Ev alacaklara tasarrufu özendirici ‘sandık’ modeli

Hükümetin tasarrufların artırılmasına yönelik çalışmaları kapsamında, konut edindirmede alternatif model arayışına giren Türk bankacılık sektörü, Almanya'dan dünyaya yayılan ve alt gelir grubunu hedefleyen "Yapı Tasarrufları Sandığı' modeli üzerinde çalışıyor. Sistem, parasını biriktiren vatandaşa piyasanın altında mevduat faizi sunmasıyla dikkat çekiyor

Ekonomik güven endeksinin 15 Temmuz'daki darbe girişimi sonrası Ağustos ayında bir önceki aya göre yüzde 24.1'lik sert azalışla 72.66 değerine gerilemesi ve hükümetin tasarrufların artırılmasına yönelik çalışmaları konut edindirmede alternatif yeni modelleri devreye soktu. Türk bankacılık sektörü, Almanya'dan dünyaya yayılan ve özellikle alt gelir grubunu hedefleyen "Yapı Tasarrufları Sandığı'nı" mercek altına aldı. Bu model ile ilgili çalışmalar Türkiye Bankalar Birliği (TBB) Çalışma Grubu bünyesinde devam ederken, ilgili bakanlıklar ile Bankacılık Düzenleme ve Denetleme Kurumu da (BDDK) yasal çerçevesine ilişkin diğer çalışmaları yürütüyor.

3 yılda 30 bin lira biriktiririm diyebiliyor musunuz?

İstanbul'da geçen hafta Fikir Sofrası Düşünce Platformu'nun bazı bakanların katılımıyla düzenlediği "Yeni Türkiye ve Ekonomide Güçlü Kalkınma Modeli Çalıştayı"nda öneriyi dile getiren DZ Bank'ın Türkiye Baş Temsilcisi Pınar Ersoy, Yapı Tasarrufları Sandığı'nın mortgage alternatifi değil, destek ürünü olduğunu belirtti. Ersoy, "Yapı Tasarrufları Sandığı, dar gelirli vatandaşlara öz kaynak sağlama amacıyla kurgulanmış bir sosyal devlet politikası. Buradaki avantaj şu; siz bugün sisteme giriş yaparken diyorsunuz ki 'Ben 3 yılda 30 bin lira para biriktiririm'. Sistem de size 3 yılın sonunda 30 bin lira daha kredi vermeyi garanti ediyor ve böylece 60 bin lira paranız oluyor. Sisteme giriş yapacağınız gün imzalayacağınız anlaşmada, sistem kapsamında sizin 3 yıl sonra kullanacağınız faiz oranı da belirtiliyor ve bu oran piyasanın altında oluyor. Bu süre içerisinde piyasa faiz oranı değişse de sistem size sunduğu faiz oranını hiçbir şekilde değiştirmiyor" dedi.
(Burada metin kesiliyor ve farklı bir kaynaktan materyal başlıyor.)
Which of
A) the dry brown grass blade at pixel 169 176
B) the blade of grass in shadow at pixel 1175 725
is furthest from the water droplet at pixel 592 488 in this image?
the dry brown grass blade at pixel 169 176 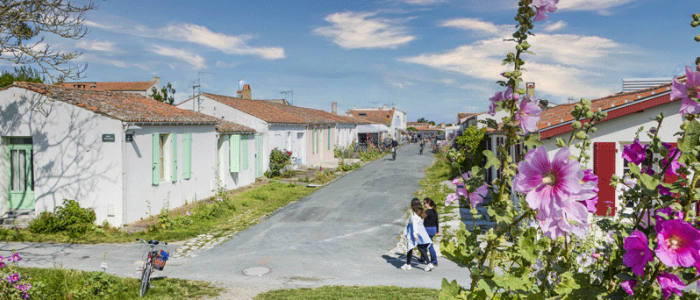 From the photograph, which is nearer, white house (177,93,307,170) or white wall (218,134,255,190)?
white wall (218,134,255,190)

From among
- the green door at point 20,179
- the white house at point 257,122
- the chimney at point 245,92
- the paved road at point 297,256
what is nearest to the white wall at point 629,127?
the paved road at point 297,256

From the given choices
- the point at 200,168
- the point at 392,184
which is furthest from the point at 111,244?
the point at 392,184

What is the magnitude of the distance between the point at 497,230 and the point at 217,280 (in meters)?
6.43

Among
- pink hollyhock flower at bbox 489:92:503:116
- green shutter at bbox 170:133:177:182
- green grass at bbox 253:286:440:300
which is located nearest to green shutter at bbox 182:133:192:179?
green shutter at bbox 170:133:177:182

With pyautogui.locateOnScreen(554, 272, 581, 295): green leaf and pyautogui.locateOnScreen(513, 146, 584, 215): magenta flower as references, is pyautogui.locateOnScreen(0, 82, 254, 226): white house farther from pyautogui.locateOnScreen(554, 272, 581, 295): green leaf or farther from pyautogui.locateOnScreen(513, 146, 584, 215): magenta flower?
pyautogui.locateOnScreen(513, 146, 584, 215): magenta flower

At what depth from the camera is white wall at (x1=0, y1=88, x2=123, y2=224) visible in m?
11.2

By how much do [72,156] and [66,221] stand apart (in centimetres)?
160

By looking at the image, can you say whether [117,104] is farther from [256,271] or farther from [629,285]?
[629,285]

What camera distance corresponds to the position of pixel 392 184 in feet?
65.0

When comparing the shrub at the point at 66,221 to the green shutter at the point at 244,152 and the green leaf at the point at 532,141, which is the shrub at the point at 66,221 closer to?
the green shutter at the point at 244,152

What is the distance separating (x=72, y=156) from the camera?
37.2ft

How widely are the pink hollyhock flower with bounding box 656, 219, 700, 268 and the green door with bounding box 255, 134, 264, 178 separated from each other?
20.0 metres

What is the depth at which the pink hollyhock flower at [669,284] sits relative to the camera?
1625mm

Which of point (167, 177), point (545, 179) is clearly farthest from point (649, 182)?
point (167, 177) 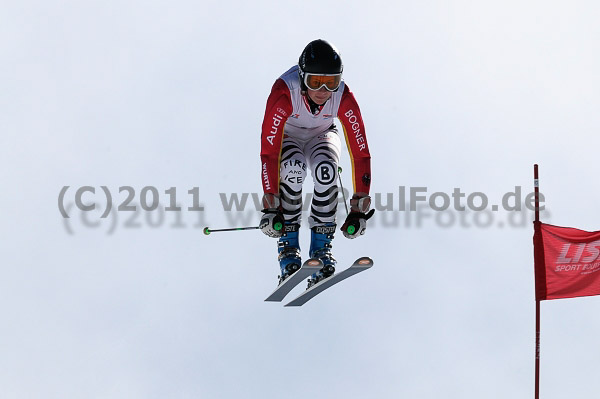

Faiz oranları artsa da etkilemiyorsunuz

Sistemin, parasını biriktiren vatandaşa piyasanın altında mevduat faizi sunduğunu, bu faiz oranın kredinin uygun maliyetli verilmesinden dolayı piyasanın altında tutulduğunu aktaran Ersoy, "Bu süre içerisinde piyasada kredi faiz oranları düşerse sizin tüketici olarak bunu değiştirme şansınız var. Ancak böyle bir durumda size verilen mevduat faizi de azalacaktır. İkisi birbiriyle orantılı gidiyor. Güzel yanı, faiz oranları artarsa sistemin bunları yukarı doğru değiştirme yetkisi yok. Sözleşmeyi imzaladığınız tarihte size belirtilen oran geçerli olmaya devam ediyor" diye konuştu.

Devlet katkısı mutlaka olmalı

Yapı Tasarrufları Sandığı sisteminin cazip kılınması için ilk birkaç yıl devlet katkısının sağlanması gerektiğini ve diğer ülke uygulamalarında genellikle yüzde 20'lik devlet katkısı bulunduğunu belirten Ersoy, "Bu destek, Almanya haricindeki ülkelerde parasal katkı olarak sağlanıyor. Almanya'da da ilk kurulduğu yıllarda bu şekilde olmuş. Ancak refah seviyesinin yükselmesi ile birlikte bu vergi avantajına dönüşmüş. Türkiye için Bireysel Emeklilik Sistemi'nde (BES) olduğu gibi, parasal katkı daha avantajlı olacaktır" dedi. Ersoy, normal bir bankacılık ürünü olarak kurgulanmaması, 'yapı tasarrufu' adı altında bir sandık kurulması ve belirlenecek özel bir yasa çerçevesinde şirketlerin faaliyet göstermesi gerektiğini sözlerine ekledi.